▶ **What you will do**: Only one stretch of the data should be retyped: the lines from the line containing "sangeetha poove unakkaga" through the line containing "Foto del edificio - 730 Bluffs Ct". Keep pictures out of it.

▶ **Information**:

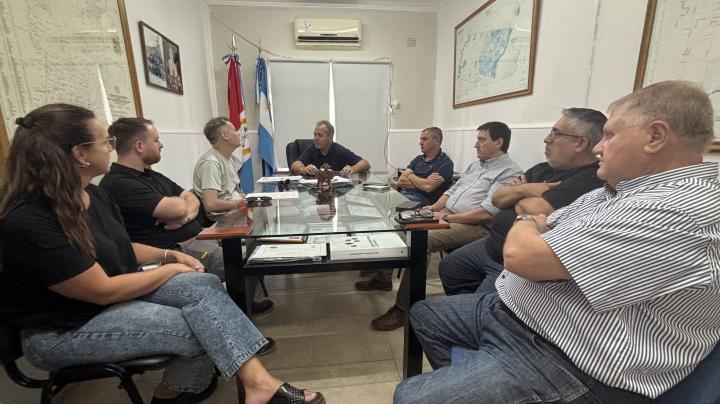 Avanzan gestiones para fortalecer el sistema de agua potable en Cayastá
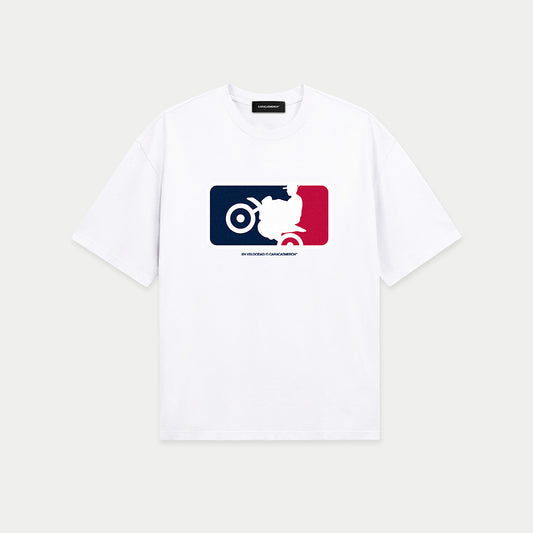 Front view En velocidad white shirt motorcycle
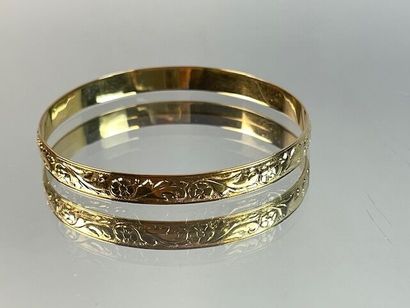 Bracelet rigide en or jaune à décor de rinceaux....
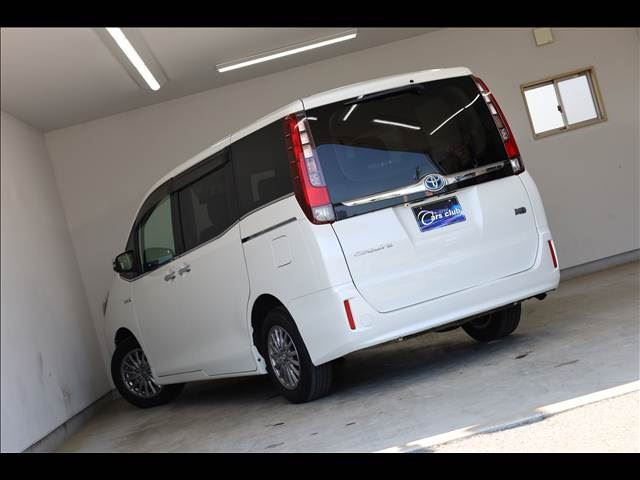 2015 Toyota ESQUIRE thumbnail 11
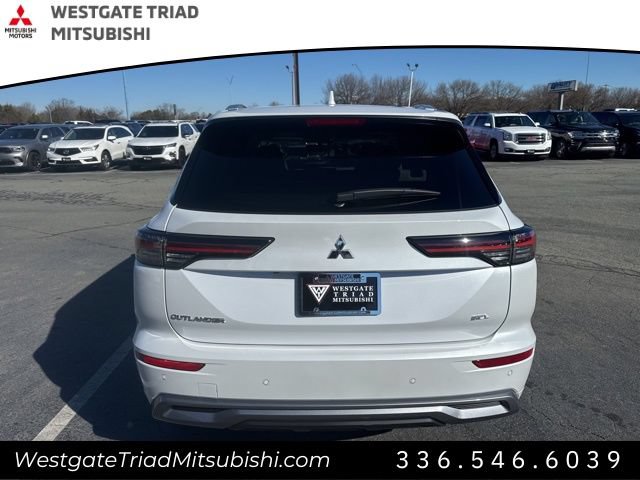 New 2026 Mitsubishi Outlander SEL FWD image 10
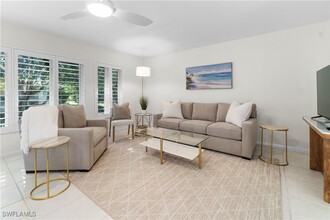 290 4th St S in Naples, FL - Building Photo - Building Photo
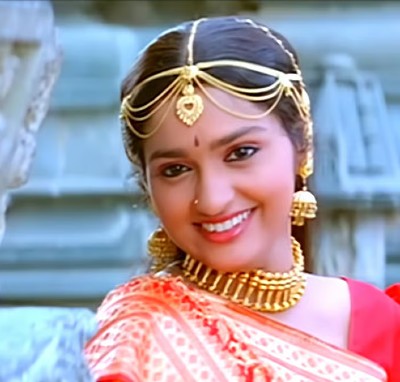 sangeetha poove unakkaga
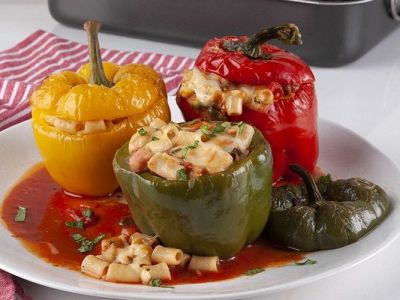 Γεμιστές πιπεριές με κοφτό μακαρονάκι - Μια πρωτότυπη παραλλαγή του αγαπημένου σας φαγητού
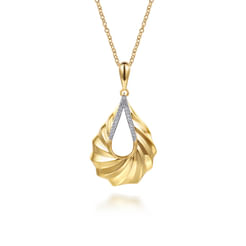 14K Yellow Gold Diamond and Diamond Cut Pendant Necklace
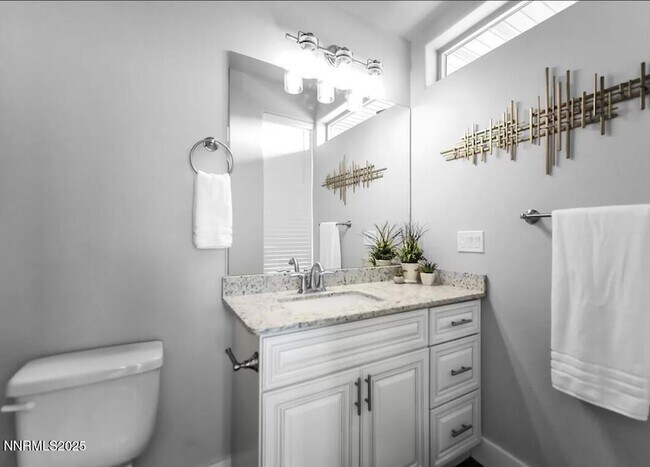 Foto del edificio - 730 Bluffs Ct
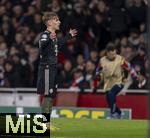 26.11.2025,  Fussball UEFA Championsleague 2025/2026: Vorrunde 5.Spieltag, FC Arsenal - FC Bayern Mnchen, im Emirates-Stadion London (England), Lennart Karl (FC Bayern Mnchen) jubelt..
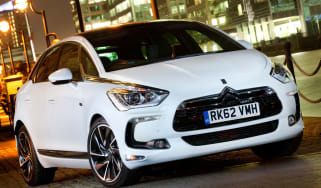 Citroen DS5 Hybrid4 front tracking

▶ **Task solution**:
 sangeetha poove unakkaga
 Γεμιστές πιπεριές με κοφτό μακαρονάκι - Μια πρωτότυπη παραλλαγή του αγαπημένου σας φαγητού
 14K Yellow Gold Diamond and Diamond Cut Pendant Necklace
 Foto del edificio - 730 Bluffs Ct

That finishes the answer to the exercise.